Para la siguiente fecha ejecutaron una celada contra el ejército batistiano, en las cercanías del central Francisco. Allí le causaron siete bajas a los “casquitos” -tres muertos y cuatro heridos- que tras reponerse del aturdimiento inicial, utilizaron su armamento superior para responder a los revolucionarios.

Los atacantes regresaron a la base provisional tras la contraofensiva. El encuentro tuvo un sabor a victoria para los combatientes, pero también un matiz pírrico: las fuerzas del tirano ubicaron en el mapa a la guerrilla rebelde, para devolverle el golpe.

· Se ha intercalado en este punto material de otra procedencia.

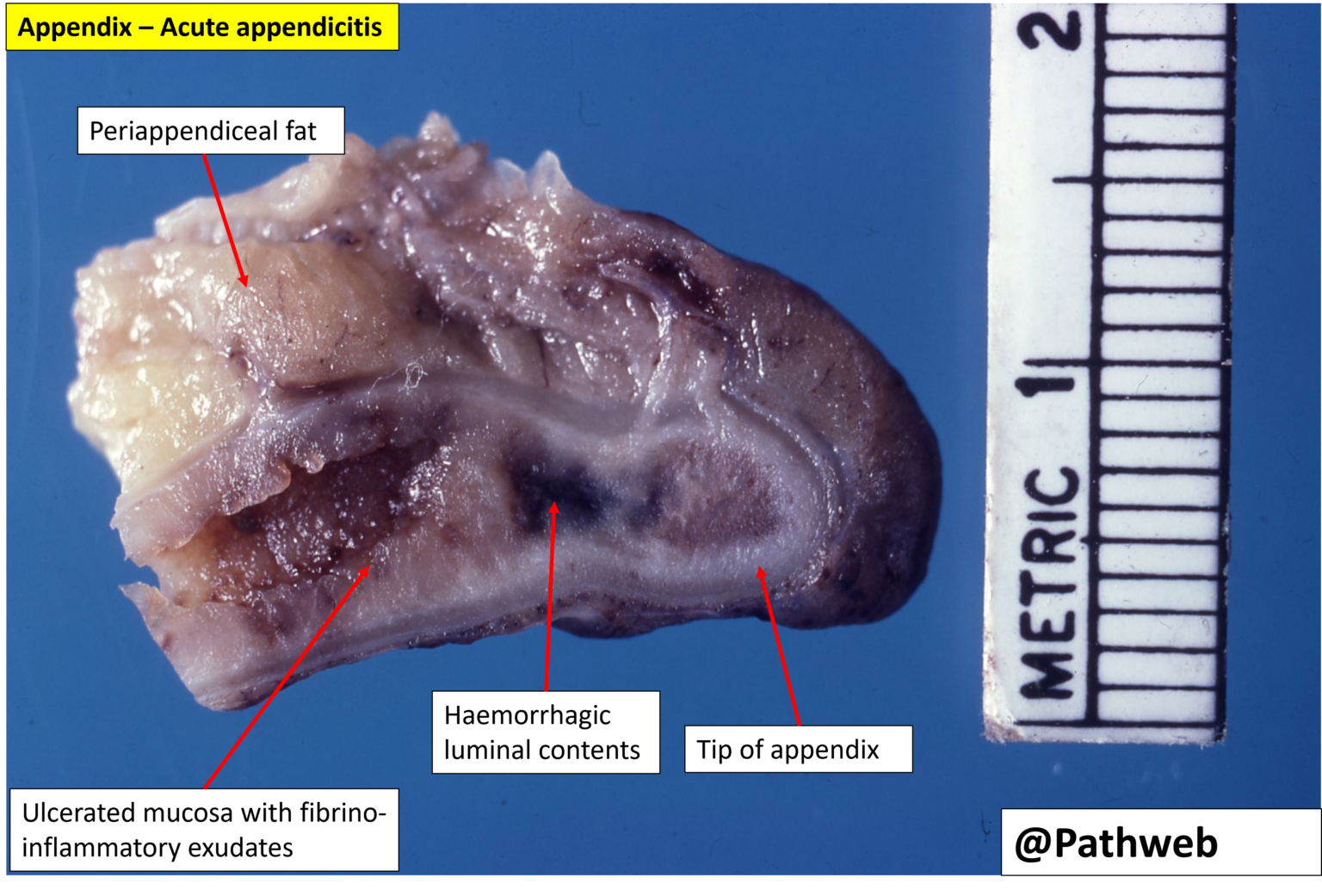 Appendix – Acute Appendicitis – NUS Pathweb :: NUS Pathweb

La Columna Cándido González debía avanzar por la carretera de Santa Cruz y, más adelante, enrumbarse hacia el norte de Ciego de Ávila y Camagüey. Ese era el destino asignado para asentarse y continuar sus acciones. Pero había que moverse rápido porque las huestes enemigas les seguirían el rastro.

Así lo supuso Jaime Vega y de inmediato dio la orden de salir en la noche, para anticiparse a cualquier estrategia. El traslado se realizaría en cuatro camiones ocupados en Pino Cuatro. Con esa decisión fue desobedecido uno de los mandatos más importantes de Fidel: el de no mover a los hombres en vehículos, para no ser detectados.

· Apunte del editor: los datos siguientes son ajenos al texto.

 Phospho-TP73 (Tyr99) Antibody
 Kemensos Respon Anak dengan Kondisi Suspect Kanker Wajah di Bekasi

Viajaban en los vagones hombres de familia, padres, hijos, esposos. Gente que peleaban, no por vocación, sino porque deseaban una infancia feliz para las futuras generaciones. Se encontraban rostros como los de Ramón Domínguez de la Peña, Plácido Soto Hernández, Gelacio Gutiérrez García y Luis Enríquez Portales Milanés, quien tuvo que picar piedras en su niñez, junto a su madre y hermanas, para reunir un peso al día.

Esa madrugada del 27 de septiembre se sentía más fría que cualquiera. El silencio del camino solo lo rompían el canto de los insectos y el sube y baja de los camiones, que iban por el terraplén que conducía a Pino Tres. Al llegar la máquina que traía a la alta comandancia iluminó el sendero para guiar a los conductores. Según algunos testimonios, en ese momento se escuchó un grito: “Candela al jarro”. Y de repente una ráfaga de M-16 comenzó a tirotear la caravana, secundado por un disparo de bazuca que impactó en el más adelantado de los vehículos.

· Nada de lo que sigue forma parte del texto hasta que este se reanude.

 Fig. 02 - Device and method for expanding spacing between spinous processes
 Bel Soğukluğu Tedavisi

Los rebeldes trataron de evadir la encerrona como pudieron. Unos, escaparon. Otros enfrentaron hasta morir a los batistianos para que sus amigos huyeran.

Los que permanecieron tendidos, aún con vida, fueron llevados hasta el hospital de Macareño, como si se tratara de un gesto de buena voluntad. Tras el protocolo los esbirros condujeron a los 11 heridos hasta el lugar conocido como La Caobita y, para no restarle coherencia a su maldad, allí los asesinaron.

Quienes sobrevivieron, se reunieron en las proximidades de Laguna Grande. Lamentaron las pérdidas de compañeros insustituibles. Pero no se escondieron para compadecerse de la mala suerte que corrieron. No. La mejor manera de hacerlos mártires verdaderos era continuar la lucha por los motivos que los habían traído a todos al Ejército Rebelde. Por esa idea que en tantos momentos se tornó una quimera, pero que se consiguió al labrar el camino hacia el triunfo de la Revolución Cubana.